▶ Given information
== Segment start ==

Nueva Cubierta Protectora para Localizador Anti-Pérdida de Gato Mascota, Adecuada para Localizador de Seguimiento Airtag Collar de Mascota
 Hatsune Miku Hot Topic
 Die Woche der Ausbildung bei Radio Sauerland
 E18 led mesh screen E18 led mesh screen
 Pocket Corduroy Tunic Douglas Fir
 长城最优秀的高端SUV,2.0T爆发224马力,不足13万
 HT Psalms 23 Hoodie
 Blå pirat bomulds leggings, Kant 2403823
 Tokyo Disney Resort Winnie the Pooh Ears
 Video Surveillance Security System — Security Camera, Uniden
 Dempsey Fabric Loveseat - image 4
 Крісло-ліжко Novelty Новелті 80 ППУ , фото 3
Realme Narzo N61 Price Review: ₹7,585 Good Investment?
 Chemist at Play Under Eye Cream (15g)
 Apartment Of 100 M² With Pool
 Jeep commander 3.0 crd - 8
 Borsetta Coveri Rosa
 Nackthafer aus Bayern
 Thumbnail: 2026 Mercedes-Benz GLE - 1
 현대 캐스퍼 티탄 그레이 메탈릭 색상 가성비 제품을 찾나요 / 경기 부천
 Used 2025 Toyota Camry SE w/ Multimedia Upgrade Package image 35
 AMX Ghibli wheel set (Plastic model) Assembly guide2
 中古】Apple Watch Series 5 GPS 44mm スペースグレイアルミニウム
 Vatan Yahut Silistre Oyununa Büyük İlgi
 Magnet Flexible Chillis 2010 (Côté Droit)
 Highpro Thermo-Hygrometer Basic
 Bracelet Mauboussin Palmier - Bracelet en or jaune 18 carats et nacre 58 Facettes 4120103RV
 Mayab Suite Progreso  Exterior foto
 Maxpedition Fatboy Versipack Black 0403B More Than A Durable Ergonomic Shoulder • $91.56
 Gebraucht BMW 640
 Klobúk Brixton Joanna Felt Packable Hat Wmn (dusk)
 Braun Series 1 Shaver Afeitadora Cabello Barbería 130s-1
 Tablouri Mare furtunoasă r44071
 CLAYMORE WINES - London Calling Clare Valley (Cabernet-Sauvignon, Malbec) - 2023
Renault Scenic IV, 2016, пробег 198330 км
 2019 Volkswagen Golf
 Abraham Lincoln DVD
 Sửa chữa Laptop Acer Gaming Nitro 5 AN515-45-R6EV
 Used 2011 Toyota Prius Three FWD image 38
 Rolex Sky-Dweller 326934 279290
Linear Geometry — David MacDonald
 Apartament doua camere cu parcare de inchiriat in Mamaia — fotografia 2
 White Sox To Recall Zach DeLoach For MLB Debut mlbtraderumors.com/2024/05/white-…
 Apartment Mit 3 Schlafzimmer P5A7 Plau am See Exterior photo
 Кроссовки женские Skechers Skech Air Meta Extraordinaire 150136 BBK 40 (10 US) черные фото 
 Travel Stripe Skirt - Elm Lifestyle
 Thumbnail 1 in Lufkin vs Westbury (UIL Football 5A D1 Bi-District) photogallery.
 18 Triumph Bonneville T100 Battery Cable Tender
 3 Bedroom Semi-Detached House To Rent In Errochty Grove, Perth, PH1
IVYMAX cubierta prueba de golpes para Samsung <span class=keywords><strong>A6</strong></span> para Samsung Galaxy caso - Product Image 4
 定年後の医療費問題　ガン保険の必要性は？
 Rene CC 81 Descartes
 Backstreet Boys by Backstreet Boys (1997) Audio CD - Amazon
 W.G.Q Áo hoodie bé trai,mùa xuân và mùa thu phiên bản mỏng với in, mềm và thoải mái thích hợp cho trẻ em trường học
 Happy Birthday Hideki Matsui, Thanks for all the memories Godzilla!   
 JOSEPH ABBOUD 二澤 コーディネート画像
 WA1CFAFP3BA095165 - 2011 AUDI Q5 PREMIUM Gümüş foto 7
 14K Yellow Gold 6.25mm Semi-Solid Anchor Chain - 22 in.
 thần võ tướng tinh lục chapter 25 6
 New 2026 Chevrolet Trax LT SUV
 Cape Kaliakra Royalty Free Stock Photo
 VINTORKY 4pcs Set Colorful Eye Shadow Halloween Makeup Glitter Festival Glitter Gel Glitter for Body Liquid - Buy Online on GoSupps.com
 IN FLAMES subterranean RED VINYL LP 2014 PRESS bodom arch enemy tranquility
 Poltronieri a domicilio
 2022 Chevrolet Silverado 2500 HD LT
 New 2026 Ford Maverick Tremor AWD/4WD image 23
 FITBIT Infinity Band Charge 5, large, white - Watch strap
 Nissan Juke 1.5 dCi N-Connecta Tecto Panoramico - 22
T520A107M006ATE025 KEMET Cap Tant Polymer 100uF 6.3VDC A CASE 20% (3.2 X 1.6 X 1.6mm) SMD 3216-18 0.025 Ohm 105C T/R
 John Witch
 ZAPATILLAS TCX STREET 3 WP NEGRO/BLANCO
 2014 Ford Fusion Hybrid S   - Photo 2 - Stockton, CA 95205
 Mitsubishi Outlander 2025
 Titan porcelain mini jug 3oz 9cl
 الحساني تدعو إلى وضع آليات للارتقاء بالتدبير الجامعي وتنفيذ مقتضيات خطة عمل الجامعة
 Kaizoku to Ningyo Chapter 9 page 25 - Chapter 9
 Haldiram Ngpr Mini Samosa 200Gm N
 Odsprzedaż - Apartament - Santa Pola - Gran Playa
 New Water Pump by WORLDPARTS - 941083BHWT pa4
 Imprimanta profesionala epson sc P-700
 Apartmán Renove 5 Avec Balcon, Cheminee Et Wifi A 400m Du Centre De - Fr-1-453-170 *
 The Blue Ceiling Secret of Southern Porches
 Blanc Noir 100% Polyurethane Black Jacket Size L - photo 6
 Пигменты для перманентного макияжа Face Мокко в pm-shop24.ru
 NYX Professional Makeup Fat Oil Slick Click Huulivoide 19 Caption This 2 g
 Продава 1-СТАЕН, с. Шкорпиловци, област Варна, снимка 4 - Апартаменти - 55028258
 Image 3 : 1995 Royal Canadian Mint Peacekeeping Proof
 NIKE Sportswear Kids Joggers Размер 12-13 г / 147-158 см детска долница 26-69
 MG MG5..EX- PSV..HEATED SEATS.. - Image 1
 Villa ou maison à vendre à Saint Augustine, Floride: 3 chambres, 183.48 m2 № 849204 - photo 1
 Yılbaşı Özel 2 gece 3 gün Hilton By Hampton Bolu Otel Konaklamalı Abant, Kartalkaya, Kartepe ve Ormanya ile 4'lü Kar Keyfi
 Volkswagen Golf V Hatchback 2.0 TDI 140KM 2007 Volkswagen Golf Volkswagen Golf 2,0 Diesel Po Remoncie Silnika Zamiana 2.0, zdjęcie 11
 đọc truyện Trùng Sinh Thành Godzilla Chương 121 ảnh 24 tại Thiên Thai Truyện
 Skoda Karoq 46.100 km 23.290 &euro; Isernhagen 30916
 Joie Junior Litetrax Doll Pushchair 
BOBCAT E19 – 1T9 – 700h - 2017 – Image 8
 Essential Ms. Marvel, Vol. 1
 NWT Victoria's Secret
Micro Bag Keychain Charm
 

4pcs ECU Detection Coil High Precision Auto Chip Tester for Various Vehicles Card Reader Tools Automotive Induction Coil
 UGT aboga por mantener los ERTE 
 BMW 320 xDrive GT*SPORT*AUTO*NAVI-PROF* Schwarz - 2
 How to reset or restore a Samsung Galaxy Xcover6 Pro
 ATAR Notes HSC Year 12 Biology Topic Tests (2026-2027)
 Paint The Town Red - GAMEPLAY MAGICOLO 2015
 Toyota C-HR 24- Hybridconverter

== Segment end ==

▶ Requirement
Look over the records above and copy each line that includes the string "Godzilla".

▶ Exercise response
 Happy Birthday Hideki Matsui, Thanks for all the memories Godzilla!   
 đọc truyện Trùng Sinh Thành Godzilla Chương 121 ảnh 24 tại Thiên Thai Truyện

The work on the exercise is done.